Visualizing the shift from unstructured noise to a managed service flow.

Role & Responsibility

I took on a lead service design role, bridging the gap between operational needs and user experience. My primary responsibility was translating unstructured internal demand into a manageable system architecture.

  • Problem Framing: Root cause analysis of service bottlenecks.

  • End-to-End System Design: Defining how requests enter and move through the organization.

  • Process Structuring: Aligning operational processes with technological capabilities.

Diagnosis & Discovery

We moved beyond anecdotal evidence by analyzing actual request volume and types. The discovery phase revealed significant rework caused by unclear initial requests and a persistent mismatch between implicit user expectations and actual operational capacity.

This diagnosis shifted the organizational focus from merely managing noise to structuring the demand itself.

The CART Model

The solution was the CART Model—a framework designed to create order and predictability out of operational chaos. It was not merely implementing a help desk tool; it was defining the logic that governed the entire service.

The model established a single intake channel, standardized request classification, assessed criticality based on business impact, and automated routing to the correct specialist teams. This structure was the prerequisite for establishing defined response expectations (SLAs).

The CART Framework Diagram

The CART Framework: Classification, Assessment, Routing, and Tracking logic.

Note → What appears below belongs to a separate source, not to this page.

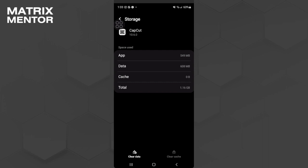If the problem is extreme and you can't fix it just by clearing the cache, you want to make sure that you don't have any important data on CapCut and just simply clear all of its data. After clearing all of its data, try and open CapCut again.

Service Catalog & Implementation

To reduce friction, we formalized offerings into a clear internal service catalog. We applied a prioritization framework adapted for operations—prioritizing legal and contractual obligations first, followed by operational continuity tasks, and finally, informational requests.

The implementation approach was tool-agnostic and model-first. We prioritized defining the service model, workflows, and operational structure before configuring automation rules. The technology served the system design, not the reverse.

Measurement & Impact

Control & Visibility

Established key indicators: Volume by request type, end-to-end response times, and SLA compliance. The operation shifted from “busy” to measurable.

Trust & Predictability

Reduced dependency on personal relationships. HR stopped being a “black box” and became a reliable, transparent internal service provider.

Why This Project Matters

“This project demonstrates the ability to apply product thinking beyond software. It highlights expertise in designing holistic services, translating complex human workflows into scalable systems, and balancing user experience with operational reality.”